I caught up with Andy recently and asked him to shed some light on the current drought, explain the potential of rainwater harvesting, and give us all a dose of optimism during these dire drought days.
A man fishes in Folsom Lake in Folsom, California, U.S., on Thursday, April 9, 2015. California regulators approved additional statewide restrictions on water use as the record drought gripping the most populous U.S. state enters a fourth year. Photographer: David Paul Morris/Bloomberg via Getty Images
Ashoka: What is the biggest misconception about the extended drought in California and why is this problematic?
Andy Lipkis: The biggest misconception is that it doesn’t rain in California. The fact is, it does rain, even in Los Angeles and southern California. But we throw away most of that water because rather than collect it, we let it drain into the sea.
It’s problematic because it causes us to look at solutions that are inappropriate for the city, the state, and for long-term sustainability. For example: there’s a growing drumbeat about desalination. But it’s well known that this won’t solve the problem, and it’s extremely expensive and energy intensive.
Why make freshwater when we could collect the water that falls from the sky? Even on the driest year in recorded history in 2013, it still rained 3.6 inches in Los Angeles. An inch of rainfall in L.A. generates 3.8 billion gallons of runoff, so you’re talking about more than 12 billion gallons of water that could be captured, but that flows within hours down our concrete streets and into the ocean. There’s enough rainwater to be harvested to produce 30-50% of the entire city’s water needs.
Ashoka: What does harvesting rainwater actually mean?
Lipkis: It means capturing and then treating the water the flows off our roofs and down our streets each time it rains. There are a lot of ways to do so, including by removing concrete and replacing it with permeable earth to soak in the water like a sponge. And homes and businesses can install rain bins and cisterns to hold the water for later use.
A living case study is Australia, which went from the second largest per-capita water user in the world (behind the U.S.) to one of the most efficient, in large part through a concerted effort to install millions of cisterns across their cities in just about five years. Melbourne was able to get 35% of all its homes to install cisterns. The same thing is possible in Los Angeles and any city in California.
Ashoka: Skeptics of the Governor Brown’s mandatory reductions argue that we won’t make a dent until we deal with agricultural water use, which accounts for up to 80% of statewide use. Are they right?
Lipkis: They’re right that farming practices need to be improved and that the ag sector needs some reforms. But in a way these are two different conversations: on the one hand, everyone needs to bring their water use down; on the other, we need to be smarter about collecting the precious water that does fall in our state, and we need to do so in ways that don’t damage entire ecosystems like we did to the Owens River valley.
When you capture rainwater locally, you’re reducing how much you have to pump in from other parts of the state, and that saves money and electricity. Moving water is actually the single largest use of electricity in California!
Ashoka: If this is such a promising solution, why aren’t more people talking about it and demanding it?

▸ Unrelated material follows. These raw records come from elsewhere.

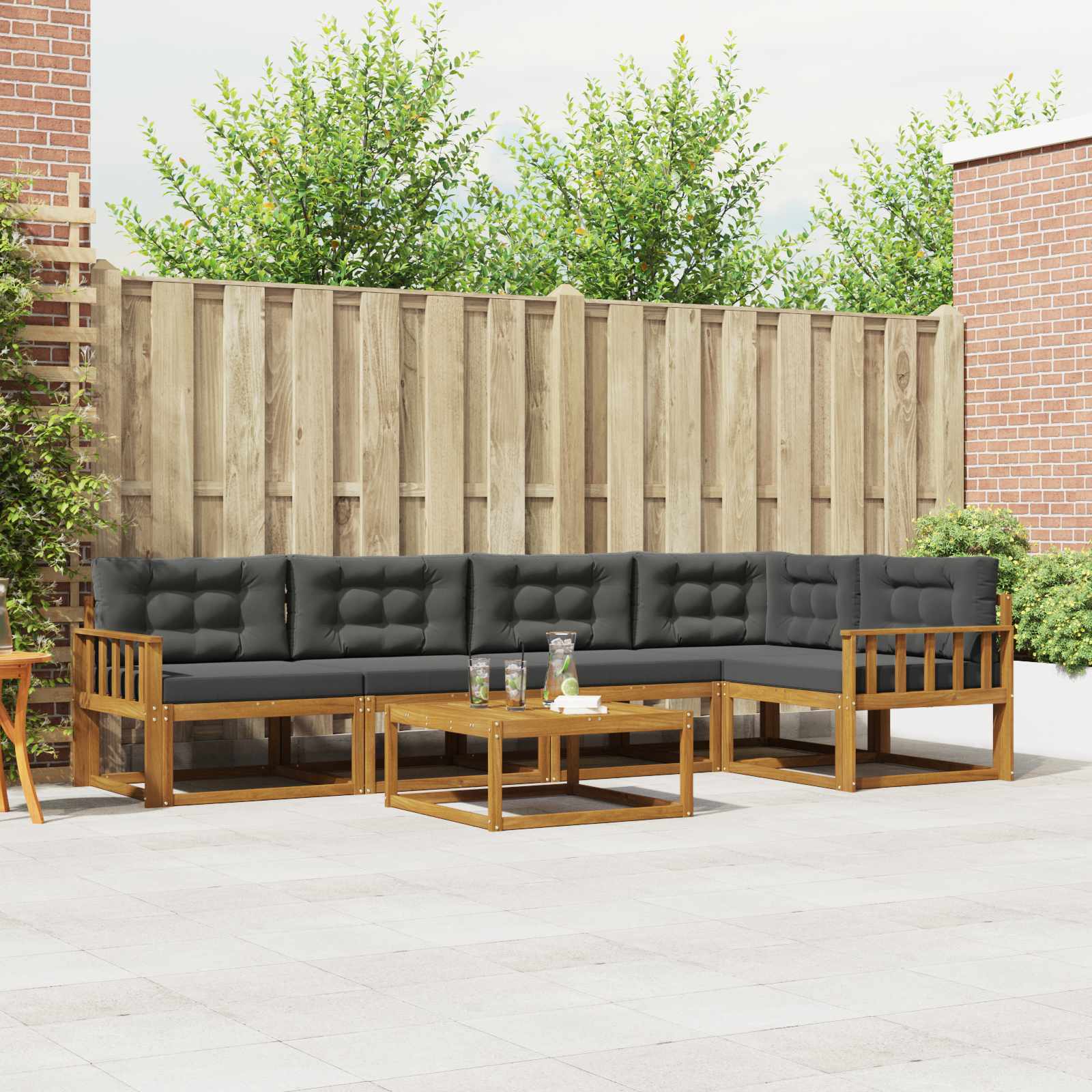 vidaXL Set de canapele de exterior cu pernă 6 pcs Natural și Antracit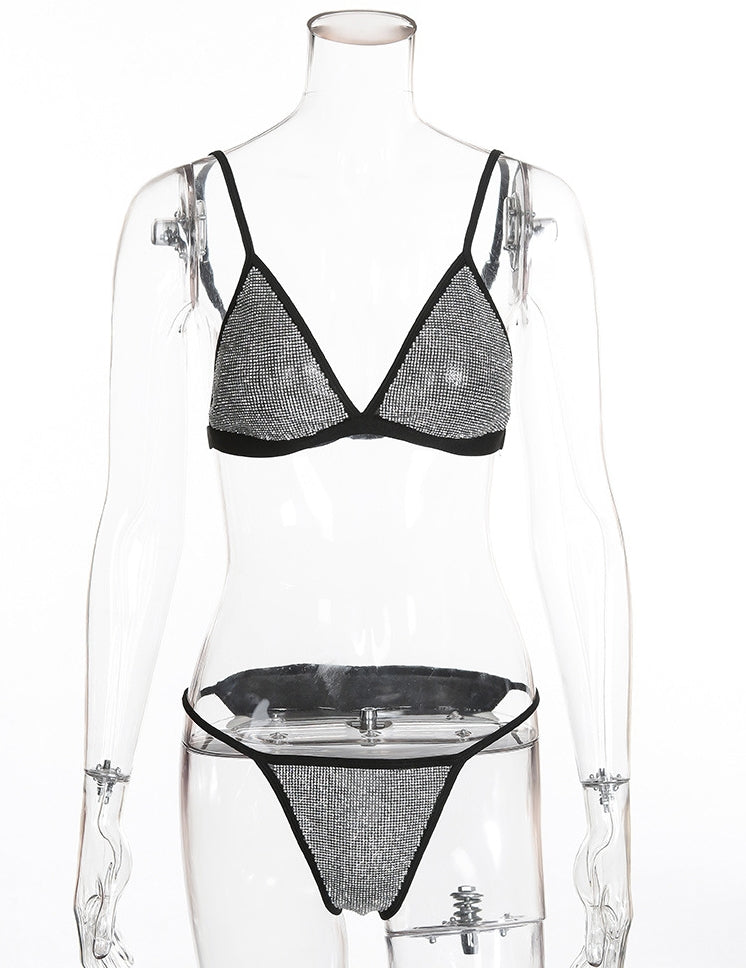 Shiny Triangle Bikini Set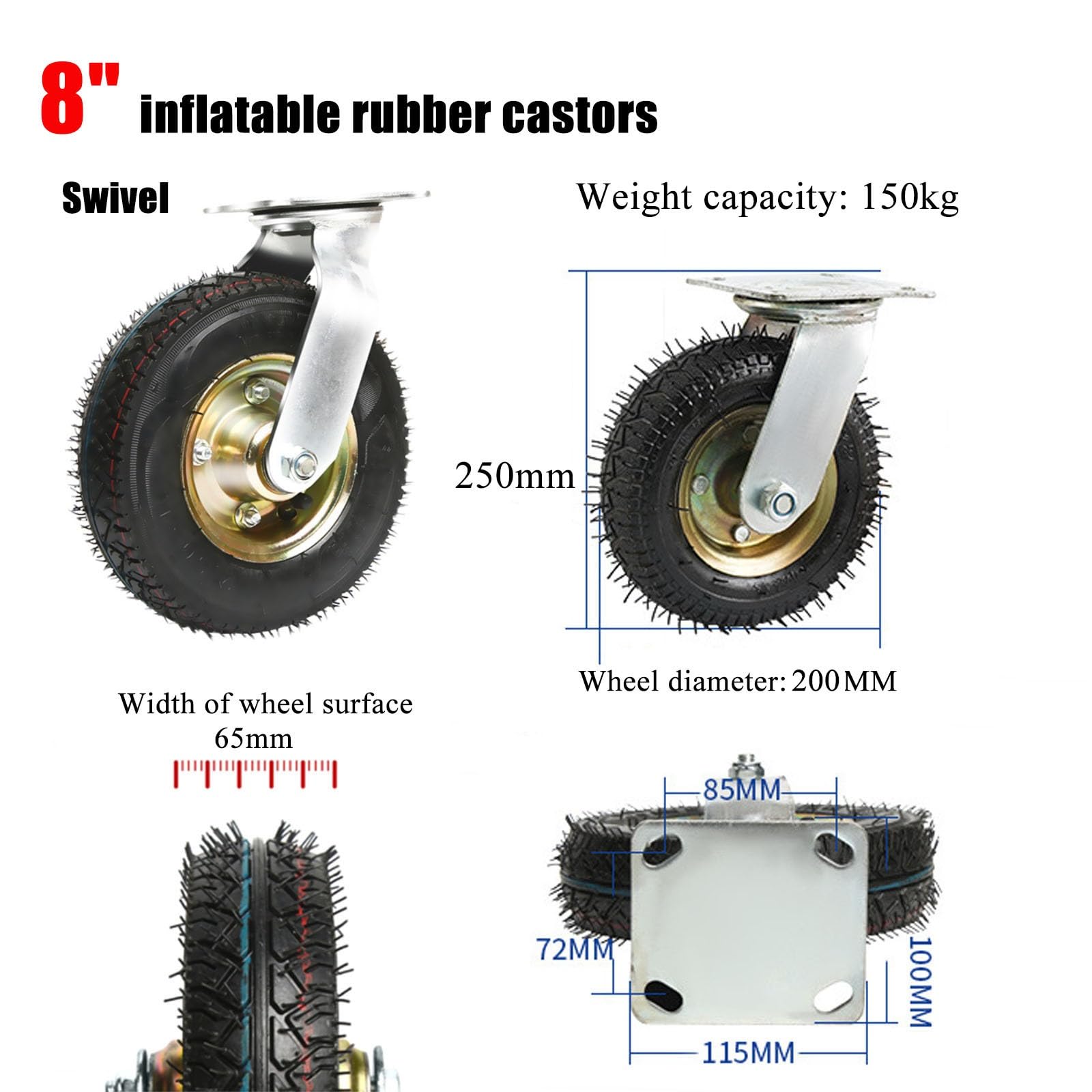 Ruedas giratorias, Paquete de 2, Ruedas Resistentes de 6", 8" y 10", Ruedas giratorias, Ruedas neumáticas con Tornillos, Ruedas silenciosas, Ruedas fijas, Ruedas de Transporte, par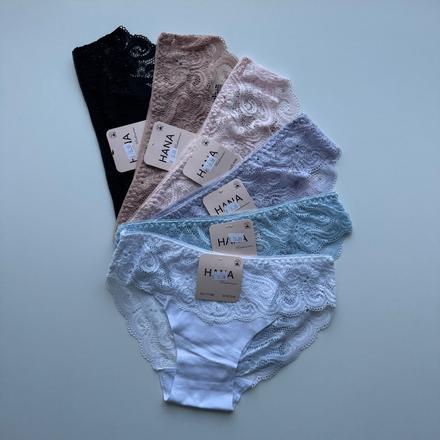 Dámske bavlnené bezšvové nohavičky s čipkou 79168, l / m / s / xl
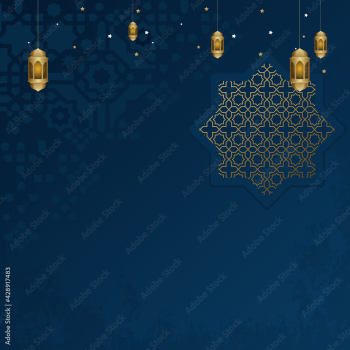 Ramadan islamic banner illustration. blue and golden color with lantern. Ramadan theme with shape. template for social media greeting post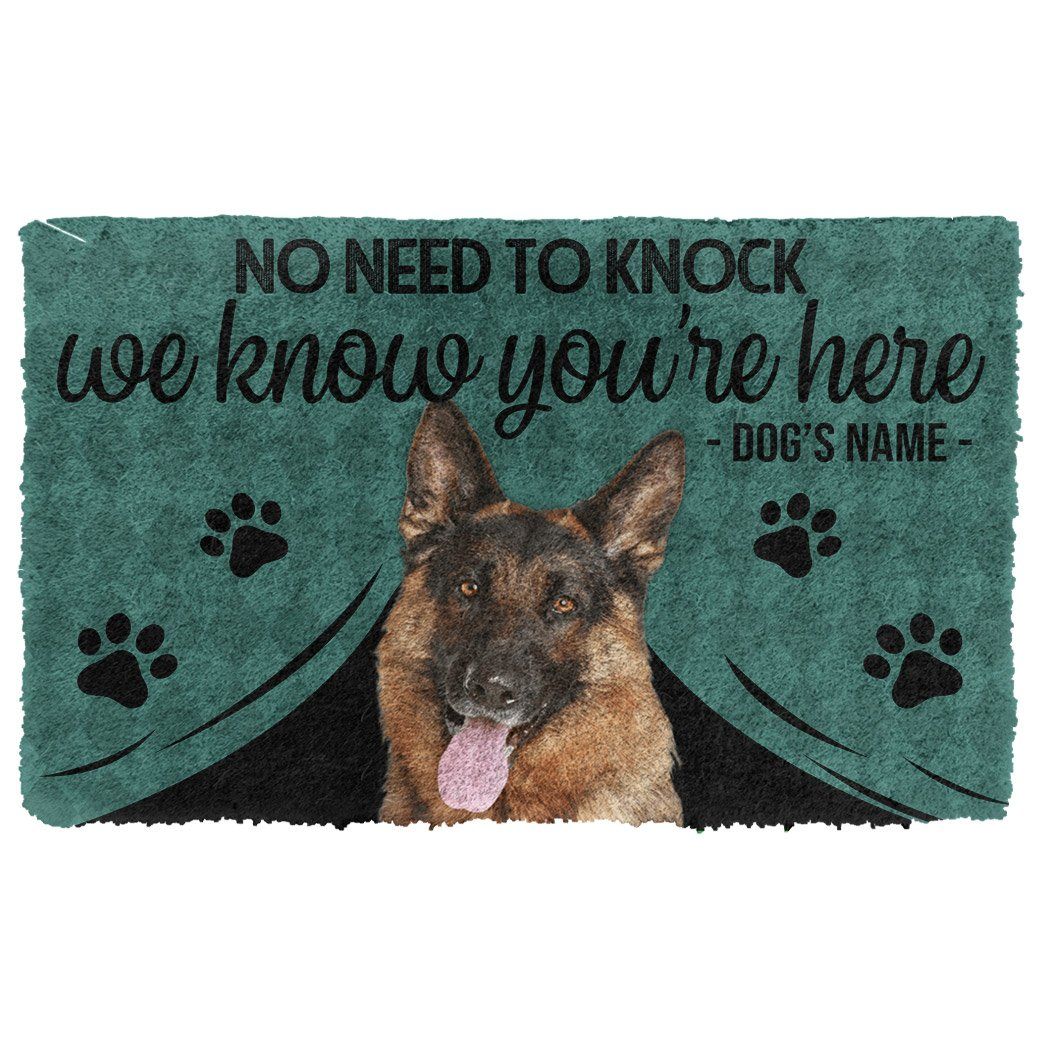 3D French Bulldog We Know Youre Here Custom Name Doormat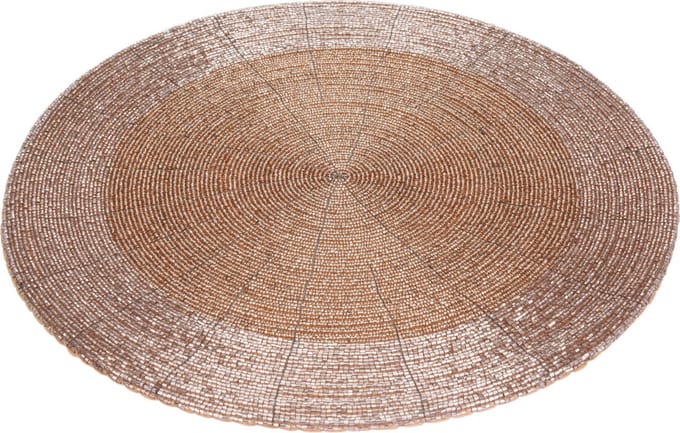 1x stuks placemats/onderleggers champagne rond D35 cm - Diner/kerstdiner tafel placemats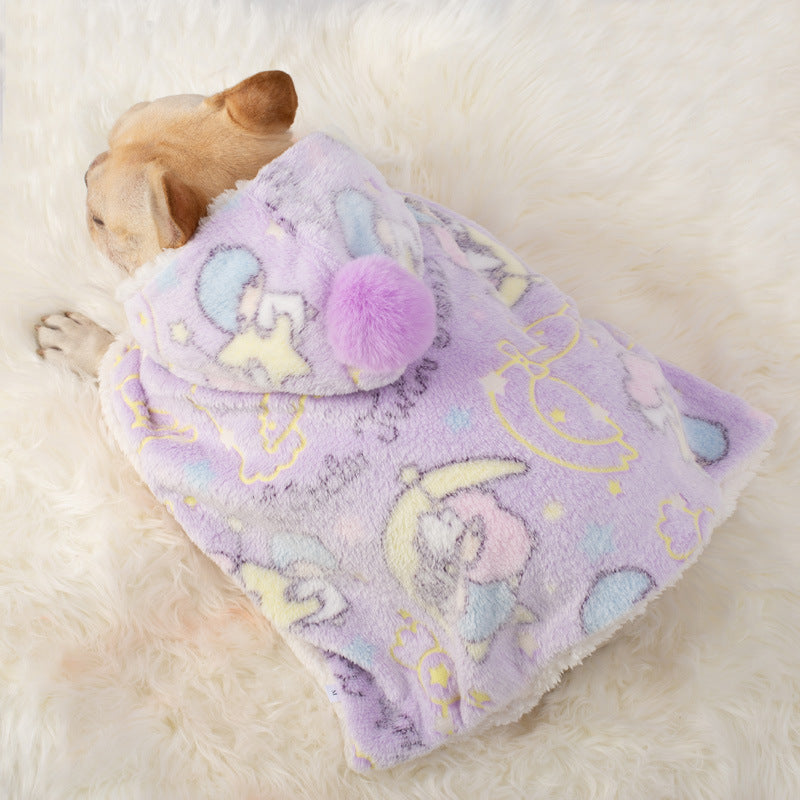 Dog Cloak Nightgown Warm Autumn And Winter Duvet Luminous Cloak Pet Clothes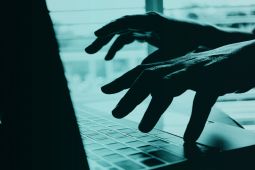  يدان تكتبان على جهاز حاسوب محمول. يتم تعتيم ألوان الصورة لإعطاء وهم  بأن هذا الإنسان  يقوم يأشياء سيئة على الحاسوب فالضوء الأزرق والأيدي لونها رمادي داكن.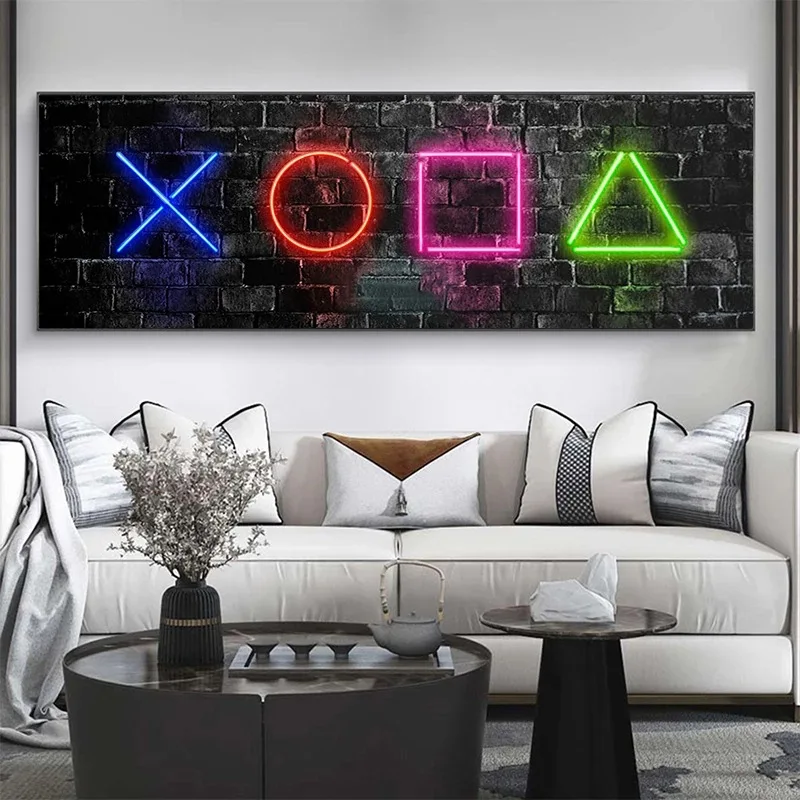 Gamers Neon Button Symbols Canvas Painting Mural Game Posters and Prints Wall Art Bedroom Living Room Modern Decorative Painting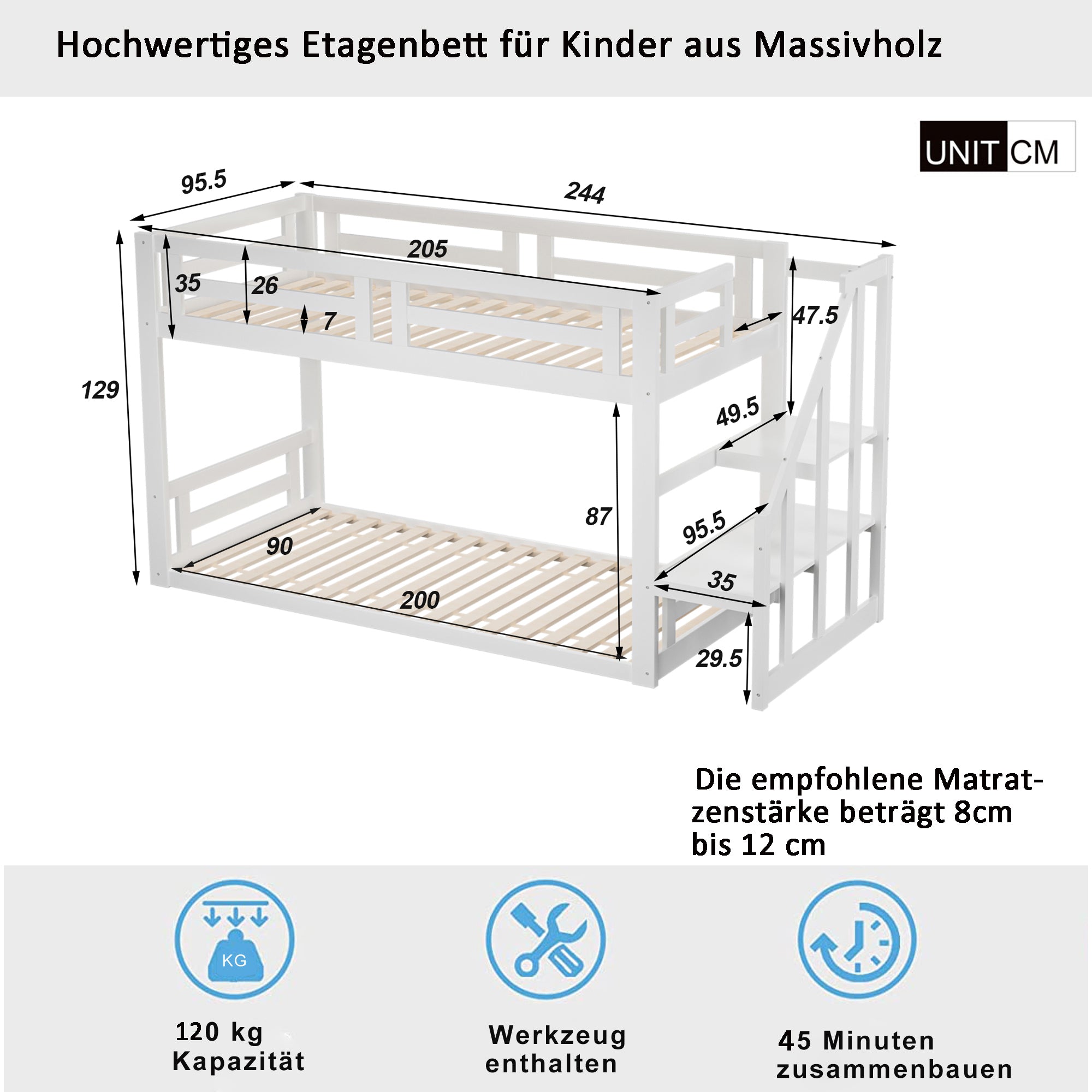 Children's Bed Bunk Low with Safety Stairs Slatted Base, Solid Wood White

Lipkis: Well, there hasn’t been a big industry to promote it. The dam builders and the desalination proponents have lobbyists and big advertising capability. But this is what we’ve been working on: get people to see what they aren’t seeing, bring in stories from places like Australia, and pull together water leaders from across the state to get behind this.
One of the big challenges is that people usually approach problems in silos and conceive of single-purpose solutions. For example, some people are racking their brains to import more water into the city especially in dry years like this one. Meanwhile, there are others working on the problem of flash flooding (which will be more common as extreme weather events become the new norm) so they’re simultaneously building ways to pump water out of the city when it rains. And then still others are thinking about water pollution and what to do about that.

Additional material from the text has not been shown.